Près de six mois plus tard, alors que l’enquête pour homicide involontaire dans le cadre du travail se poursuit afin de « déterminer les circonstances exactes, vérifier le respect de la législation du travail et de la sécurité des travailleurs », le père du lycéen, Arnaud Darthenay, a lancé, début novembre, une pétition exigeant l’arrêt des stages obligatoires de seconde, selon des informations de France 3 Normandie.

« On ne peut pas mettre des vies en danger comme ça. Les enfants ne doivent pas mourir pendant un stage », a témoigné le père de famille auprès du journal régional, s’insurgeant contre l’instauration en 2024 de ces deux semaines d’observation en entreprise imposées pendant la période du bac, à une date où les choix d’orientation sont déjà largement actés.

Absence d’encadrement

Les griefs mis en avant auprès de France 3 Normandie par Arnaud Darthenay, qui souhaite lancer un débat national afin de prévenir d’autres tragédies, sont partagés par nombre de parents d’élèves et de syndicats de l’Education nationale. À l’unisson, ils dénoncent pêle-mêle l’absence de vertu pédagogique de ces deux semaines obligatoires, prétexte pour occuper les lycéens désœuvrés pendant le tunnel du baccalauréat, les inégalités face à la recherche de ces stages qui favorisent majoritairement les élèves dont les familles sont dotées d’un réseau, mais surtout l’absence d’encadrement pour prévenir les risques professionnels pour de jeunes stagiaires particulièrement vulnérables et souvent « lâchés en pleine nature ».

Contrairement aux stages professionnels en bac pro ou en alternance, où « les jeunes sont vraiment encadrés, entourés, savent où ils vont », « pour les stages de seconde, c’est tout l’inverse : Il n’y a pas d’encadrement.
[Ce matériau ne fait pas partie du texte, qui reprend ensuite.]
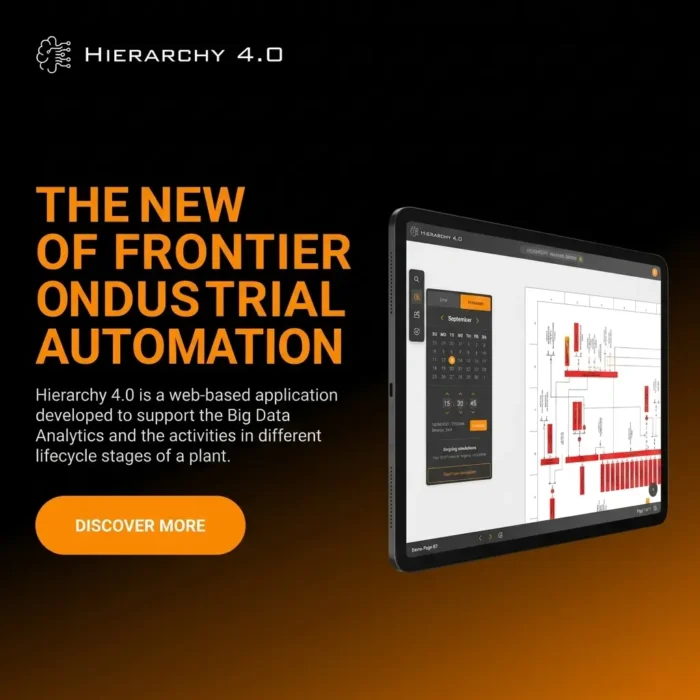 Hierarchy 4.0 web-based application interface displayed on a tablet for big data analytics in industrial automation.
Mais voilà, il faut qu’ils trouvent un stage absolument », pointe le père de famille.

Même constat pour le Sgen-CFDT Normandie qui avait réagi, peu après la mort du jeune lycéen, en remettant en question « la mise en place précipitée de ces stages en seconde générale, et leur sens pédagogique dans le parcours de formation de l’élève ». La CGT Educ’action avait, pour sa part ; dénoncé « l’explosion des périodes de stage en entreprise, où les jeunes sont de plus en plus exposés aux dangers sans y être préparés ». Le syndicat avait alors par ailleurs exigé que le ministère les supprime dès la 3e et qu’il impose plus généralement « l’interdiction de l’apprentissage avant 18 ans ».

La professionnalisation des enfants, une lubie néolibérale

Elsa faucillon, députée PCF des Hauts-de-Seine, avait également dénoncé dans une tribune publiée dans l’Humanité, en juin dernier, cette « professionnalisation des enfants, lubie néolibérale poussée jusqu’à l’absurde avec la proposition d’Élisabeth Borne visant à orienter dès la maternelle, qui impose de plus en plus de stages ». L’élue a imputé cette « exploitation des enfants au travail » à « la démission des politiques éducatives », à travers lesquelles « deux lames de fond se rencontrent et se nourrissent : la dégradation du service public de l’éducation et une politique active de professionnalisation des enfants, particulièrement ceux des classes populaires, avec un encadrement de plus en plus faible. »

Trois ans avant la mort d’Axel, un jeune de 14 ans est mort en 2022 après que le mur d’un bâtiment s’est effondré sur le chantier de démolition, dans le vignoble au sud-est de Nantes, où il effectuait son stage de 3e. Un cas loin d’être isolé : selon l’INRS (Institut national de recherche et sécurité), la fréquence des accidents du travail, pour les jeunes de moins de 25 ans, s’élevait à 10 % par an en 2018, soit un bilan 2,5 fois supérieur aux accidents de l’ensemble des salariés (environ 4 %).